Wright reúne así a las facciones beligerantes de la familia socialista y las pone a trabajar encaminadas a una misma meta. Recalca que esta meta no se puede conocer con precisión por adelantado: los contornos concretos de una sociedad socialista han de surgir de la experimentación democrática. El  “problema estratégico fundamental”, escribe, estriba en “cómo crear las condiciones en las que resulte posible un experimentalismo democrático sostenido”. Su pluralismo está destinado a fomentar esas condiciones, sembrando nuevos espacios de toma de decisiones colectiva en las grietas de la sociedad capitalista.

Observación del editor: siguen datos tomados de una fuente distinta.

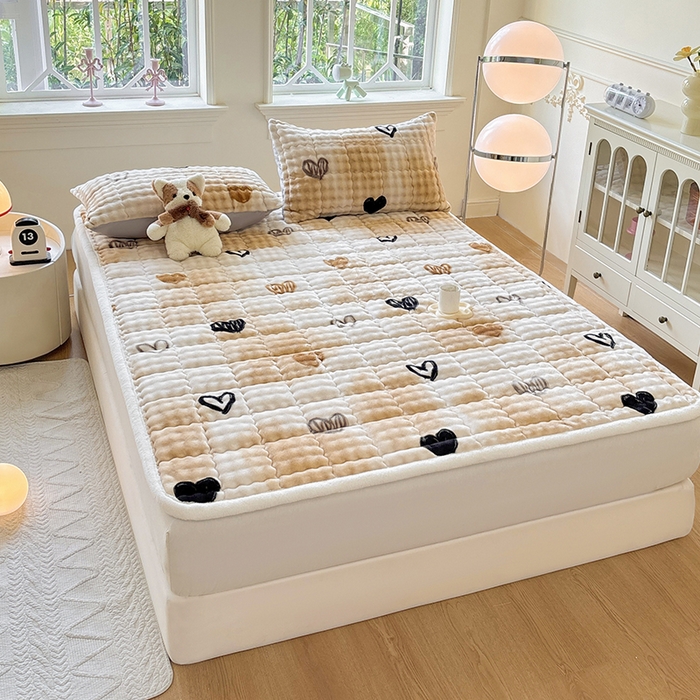 91家纺网 家纺一手货源 找家纺 2025新款印花泡泡兔毛绒床垫学生宿舍床褥软垫 爱心-咖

Pero hay un método que Wright excluye señaladamente: la revolución, o lo que él denomina “transformación rupturista”. Prevé una transición gradual, no un rompimiento brusco. La ruptura resulta demasiado arriesgada, advierte; nunca da como resultado “la creación de una alternativa democrática, igualitaria, emancipatoria alternativa”. Como prueba, apunta a las revoluciones del pasado. El pasado es un lugar que enseña humildad a los marxistas. Aunque algunas de las revoluciones que se hicieron en nombre de Marx tuvieron como consecuencia auténticos logros, otras llevaron a totalitarismos y atrocidades. Ninguna consiguió “producir el género de mundo nuevo imaginado por la ideología revolucionaria”, tal como lo expresa Wright.

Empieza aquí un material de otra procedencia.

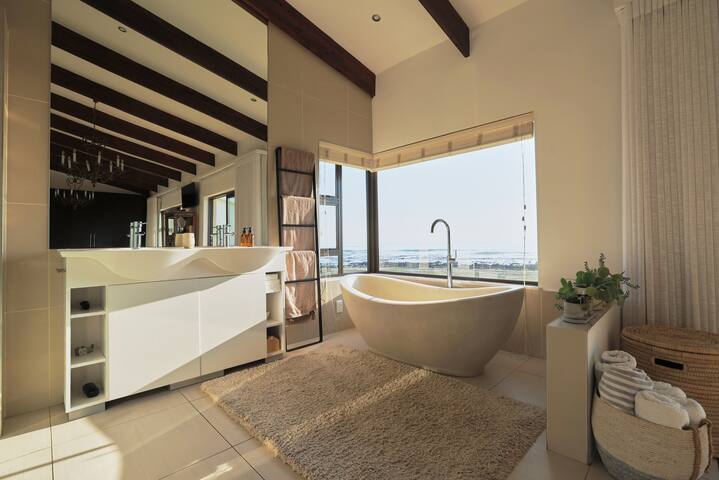 Large 4 bed villa on the beach with pool and sauna gallery image 4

La crisis del marxismo del siglo XX no se produjo sólo en el plano de la práctica, sin embargo, sino en el de la teoría. En los años posteriores a la muerte de Marx, se hizo dominante una presentación particular de sus ideas bajo la influencia de Friedrich Engels y otros. Adoptaba una visión mecanicista de la dinámica social y un punto de vista determinista de la histórica. Este grosero engranaje se hizo sinónimo del marxismo a finales del siglo XIX, para desfondarse luego bajo el peso del XX, conforme la historia se desarrollaba siguiendo rumbos que no podían explicar los viejos dogmas. Y a medida que el marxismo se convertía en ideología oficial de los estados comunistas, se fue deteriorando todavía más, convirtiéndose en una reliquia devota en un mausoleo, como el cuerpo embalsamado de Lenin.

Diferentes pensadores han tratado de resolver esta crisis de distintos modos.  Algunos volvieron a los textos de Marx para desarrollar nuevas lecturas de su obra. Hubo otros que tomaran técnicas prestadas de las ciencias sociales convencionales y la filosofía analítica para reconstruir el marxismo sobre lo que creían constituía una base más empírica. Eran estos los marxistas analíticos y esta era la tradición a la que pertenecía Wright.

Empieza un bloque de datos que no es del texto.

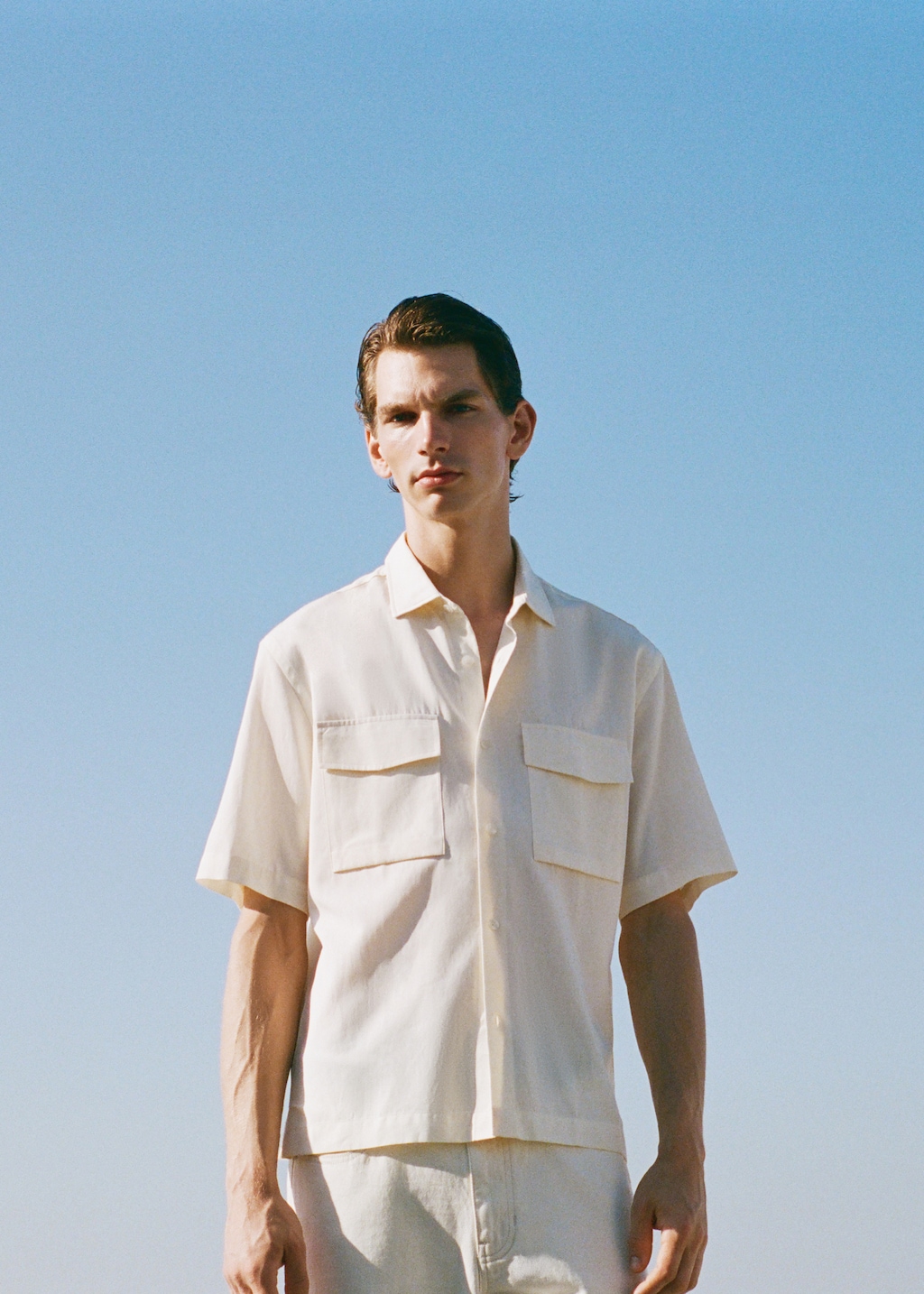 Regular-fit cotton shirt with pocket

Los marxistas analíticos se hicieron célebres por descartar grandes porciones de marxismo que no satisfacían su rigor científico: “marxismo sin sandeces” llamaban a su enfoque. El filósofo G.A. Cohen, fundador de la escuela, sostenía que el marxismo resurgiría más sólido tras “haber pasado por el ácido corrosivo del análisis”. Pero el ácido de los marxistas analíticos resultaba tan corrosivo que no quedaba luego mucho marxismo.

La influencia del marxismo analítico se percibe a lo largo del libro de Wright. Y al igual que sus colegas, llega a algunas conclusiones muy poco ortodoxas y, de manera absolutamente crucial, en la cuestión de clase. La clase es un asunto que conocía extremadamente bien: dedicó buena parte de su carrera a analizar sus complejidades. En esto concluye que esas complejidades hacen de la clase un edificio inadecuado sobre el que construir un movimiento socialista. De acuerdo con él, la clase trabajadora ha quedado demasiado fragmentada como para desempeñar el papel histórico que le asigna tradicionalmente el marxismo. El socialismo debe ser, antes bien, un proyecto ético. La clase es menos importante que el compromiso compartido con valores morales.

Se trata de un asunto discutible, sobre todo en el momento de nuestro presente. La clase constituye ciertamente un fenómeno complicado y la propia erudición académica de Wright resulta indispensable para interpretarla. Sin embargo, esto no ha impedido que se haya ido configurando una nueva política de clase en los últimos años. 2018 fue el año en el que los trabajadores norteamericanos participaron en más paros laborales desde 1986. Las huelgas de profesores en diversos estados [norteamericanos] han ayudado a nutrir un nuevo espíritu de militancia, mientras que dirigentes de la clase trabajadora, como Alexandria Ocasio-Cortez, hablan en la escena nacional con un lenguaje de clase.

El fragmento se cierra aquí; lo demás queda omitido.